Later that day, my dad and I buried Buffy in the forest, the process of healing the grief began, and eventually only the anger remained. Whether the memories of that day were the reality or not they lingered as the source of a fifty-year resentment toward the Reverend. For a while, I casually followed his career. I read his book, The Cross and the Switchblade, which was later made into a movie. I heard once that he moved to the Mid-west to begin an evangelistic ministry, but eventually I lost track of him, and he faded from my memory. He had not been a presence in my life, but fifty years later here I was, sitting at KCI, and my mind had transported me in time to a vivid memory and a simmering anger. I realized that all these years had passed and I had not forgiven a man, who seemingly just by coincidence was caught in what to a small boy was egregious behavior.

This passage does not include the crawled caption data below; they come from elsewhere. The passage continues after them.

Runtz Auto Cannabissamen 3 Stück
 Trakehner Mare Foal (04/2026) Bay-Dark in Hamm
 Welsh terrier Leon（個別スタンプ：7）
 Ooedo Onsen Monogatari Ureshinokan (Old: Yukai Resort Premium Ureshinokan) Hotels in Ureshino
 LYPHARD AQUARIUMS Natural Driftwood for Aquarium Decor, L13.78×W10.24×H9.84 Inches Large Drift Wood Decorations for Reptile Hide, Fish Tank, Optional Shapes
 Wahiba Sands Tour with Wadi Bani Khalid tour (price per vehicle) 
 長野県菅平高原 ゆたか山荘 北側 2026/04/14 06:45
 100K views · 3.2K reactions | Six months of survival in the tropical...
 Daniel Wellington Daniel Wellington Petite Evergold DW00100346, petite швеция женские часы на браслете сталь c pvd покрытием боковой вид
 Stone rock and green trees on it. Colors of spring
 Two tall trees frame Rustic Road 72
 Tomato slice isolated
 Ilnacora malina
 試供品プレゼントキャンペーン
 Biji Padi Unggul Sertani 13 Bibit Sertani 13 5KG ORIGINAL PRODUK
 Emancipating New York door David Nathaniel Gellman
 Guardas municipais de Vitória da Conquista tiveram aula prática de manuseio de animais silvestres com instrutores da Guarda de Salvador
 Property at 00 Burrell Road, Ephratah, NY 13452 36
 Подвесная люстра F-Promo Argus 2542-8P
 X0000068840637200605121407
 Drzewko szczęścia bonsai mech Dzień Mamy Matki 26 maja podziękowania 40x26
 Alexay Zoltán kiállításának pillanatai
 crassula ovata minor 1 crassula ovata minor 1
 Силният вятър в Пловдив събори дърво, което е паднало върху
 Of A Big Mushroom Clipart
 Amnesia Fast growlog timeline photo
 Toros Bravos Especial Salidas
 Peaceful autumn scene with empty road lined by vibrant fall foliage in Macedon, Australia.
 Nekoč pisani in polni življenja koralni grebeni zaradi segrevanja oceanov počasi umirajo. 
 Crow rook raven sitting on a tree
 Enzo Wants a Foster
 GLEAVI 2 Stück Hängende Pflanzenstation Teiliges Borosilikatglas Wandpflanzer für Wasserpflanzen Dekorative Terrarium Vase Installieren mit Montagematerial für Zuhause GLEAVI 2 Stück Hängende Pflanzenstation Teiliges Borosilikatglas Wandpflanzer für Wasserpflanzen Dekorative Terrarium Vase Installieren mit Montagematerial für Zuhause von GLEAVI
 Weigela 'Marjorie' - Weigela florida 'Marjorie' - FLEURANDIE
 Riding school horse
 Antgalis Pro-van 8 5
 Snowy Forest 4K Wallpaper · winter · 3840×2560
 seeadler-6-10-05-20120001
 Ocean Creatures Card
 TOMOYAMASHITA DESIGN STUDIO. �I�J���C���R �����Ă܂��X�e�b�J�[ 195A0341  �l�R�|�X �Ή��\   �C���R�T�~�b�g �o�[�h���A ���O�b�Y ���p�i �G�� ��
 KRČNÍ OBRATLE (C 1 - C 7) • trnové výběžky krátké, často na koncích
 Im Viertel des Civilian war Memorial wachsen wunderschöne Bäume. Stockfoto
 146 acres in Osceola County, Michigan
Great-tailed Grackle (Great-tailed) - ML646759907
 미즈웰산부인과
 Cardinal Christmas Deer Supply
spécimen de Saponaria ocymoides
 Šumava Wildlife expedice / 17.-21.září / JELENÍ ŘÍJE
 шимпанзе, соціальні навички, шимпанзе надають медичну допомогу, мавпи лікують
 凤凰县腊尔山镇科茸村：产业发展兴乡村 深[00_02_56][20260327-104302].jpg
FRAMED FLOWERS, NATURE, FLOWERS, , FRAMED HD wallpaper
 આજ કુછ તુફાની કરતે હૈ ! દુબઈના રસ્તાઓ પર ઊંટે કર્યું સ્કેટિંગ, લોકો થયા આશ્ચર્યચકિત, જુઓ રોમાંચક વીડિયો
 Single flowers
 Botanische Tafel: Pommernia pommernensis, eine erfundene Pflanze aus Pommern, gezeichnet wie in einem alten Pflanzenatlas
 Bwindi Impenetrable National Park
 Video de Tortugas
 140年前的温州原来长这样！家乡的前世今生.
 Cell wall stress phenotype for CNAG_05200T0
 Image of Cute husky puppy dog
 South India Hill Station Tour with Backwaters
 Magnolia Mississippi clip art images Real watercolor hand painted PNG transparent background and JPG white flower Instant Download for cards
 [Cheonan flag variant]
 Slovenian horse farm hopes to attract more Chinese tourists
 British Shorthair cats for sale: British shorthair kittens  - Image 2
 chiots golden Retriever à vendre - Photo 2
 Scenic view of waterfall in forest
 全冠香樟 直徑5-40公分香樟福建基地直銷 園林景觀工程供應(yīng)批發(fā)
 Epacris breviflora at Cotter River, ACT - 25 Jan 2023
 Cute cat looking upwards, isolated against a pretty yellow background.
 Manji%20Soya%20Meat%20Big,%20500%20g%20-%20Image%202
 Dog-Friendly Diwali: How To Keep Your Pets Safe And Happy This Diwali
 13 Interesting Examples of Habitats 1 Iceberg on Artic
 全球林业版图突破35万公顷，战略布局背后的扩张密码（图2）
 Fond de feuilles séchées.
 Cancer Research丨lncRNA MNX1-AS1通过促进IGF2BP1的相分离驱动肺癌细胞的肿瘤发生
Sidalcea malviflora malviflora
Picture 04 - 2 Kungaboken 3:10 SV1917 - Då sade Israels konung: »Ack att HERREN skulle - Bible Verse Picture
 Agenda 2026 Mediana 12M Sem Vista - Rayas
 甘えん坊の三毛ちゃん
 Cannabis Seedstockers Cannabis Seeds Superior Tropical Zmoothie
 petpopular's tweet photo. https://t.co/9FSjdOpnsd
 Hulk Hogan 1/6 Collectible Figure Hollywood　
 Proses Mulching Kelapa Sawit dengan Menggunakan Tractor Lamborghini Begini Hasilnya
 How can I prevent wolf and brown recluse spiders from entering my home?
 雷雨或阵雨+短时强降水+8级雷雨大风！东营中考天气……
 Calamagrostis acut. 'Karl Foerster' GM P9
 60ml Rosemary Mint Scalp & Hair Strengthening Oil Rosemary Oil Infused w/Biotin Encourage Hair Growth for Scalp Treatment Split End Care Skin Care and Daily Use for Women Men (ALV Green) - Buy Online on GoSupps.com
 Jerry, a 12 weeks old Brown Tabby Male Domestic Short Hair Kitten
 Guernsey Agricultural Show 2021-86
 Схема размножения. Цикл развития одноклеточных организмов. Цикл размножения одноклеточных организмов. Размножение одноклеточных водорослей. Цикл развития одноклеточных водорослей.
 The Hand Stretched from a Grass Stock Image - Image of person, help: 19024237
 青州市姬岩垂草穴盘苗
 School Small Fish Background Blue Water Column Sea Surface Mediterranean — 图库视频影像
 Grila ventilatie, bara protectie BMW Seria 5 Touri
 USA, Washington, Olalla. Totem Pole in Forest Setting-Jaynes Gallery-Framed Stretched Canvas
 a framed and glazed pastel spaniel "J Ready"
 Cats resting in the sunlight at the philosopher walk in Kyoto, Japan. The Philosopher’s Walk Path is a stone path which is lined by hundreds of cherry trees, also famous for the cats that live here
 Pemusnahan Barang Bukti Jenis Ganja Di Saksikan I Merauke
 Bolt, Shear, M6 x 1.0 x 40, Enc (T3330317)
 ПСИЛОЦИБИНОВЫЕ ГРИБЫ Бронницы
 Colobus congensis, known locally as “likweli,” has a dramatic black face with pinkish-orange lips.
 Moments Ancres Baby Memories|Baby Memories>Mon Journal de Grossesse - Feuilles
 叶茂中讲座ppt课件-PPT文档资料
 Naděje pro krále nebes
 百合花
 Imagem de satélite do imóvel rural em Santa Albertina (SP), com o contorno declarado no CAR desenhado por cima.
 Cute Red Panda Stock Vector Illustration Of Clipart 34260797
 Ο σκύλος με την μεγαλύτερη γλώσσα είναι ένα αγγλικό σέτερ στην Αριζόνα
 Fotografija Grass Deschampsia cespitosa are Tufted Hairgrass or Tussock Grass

My mind returned to the present, and I began reading again. “No matter how much pain and suffering wrack these mortal bodies, none of it is worthy of the comparison to the unspeakable glory that awaits those who endure the passage.” Though the perspective was not from my religious frame of reference, the thoughts expressed were comforting. The booklet ended with a prayer including, “Most of all, deliver me from the bondage of the fear of death.” As I finished, a woman’s metallic voice announced that my plane would begin boarding in a few minutes. I slid the booklet inside the cover of my journal and readied myself. My thoughts haunted me. My wife had just died, yet I was focusing on the death of this puppy. Had I turned a “minor” into a “major” as a friend of mine describes it? Why had my brain resurrected this memory? The voice called my group, and I boarded.
Sitting there with my journal in my lap, buckled in, seatback in the upright position, aware of exits and oxygen mask procedures, I awaited takeoff. We rumbled down the runway, and the thrust of the jet engines pushed me into the back of the seat. I closed my eyes aware of a force that still holds me in awe. We rose into the air and turned westward toward home. I lowered the tray table and retrieved my journal expecting to return to my writing. I opened the journal, and there staring me in the face was the answer. I had glossed over the cover of the booklet until that moment, but right there in white shadow print was the answer to my question, Ultimate Healing by David Wilkerson, the very same pastor. I could scarcely believe what I was reading. How appropriate that the cover was printed in a shadow font and that the title and his name remained hidden from me until that moment. The power of the jet engines shrank in comparison to the thunderbolt of recognition I experienced.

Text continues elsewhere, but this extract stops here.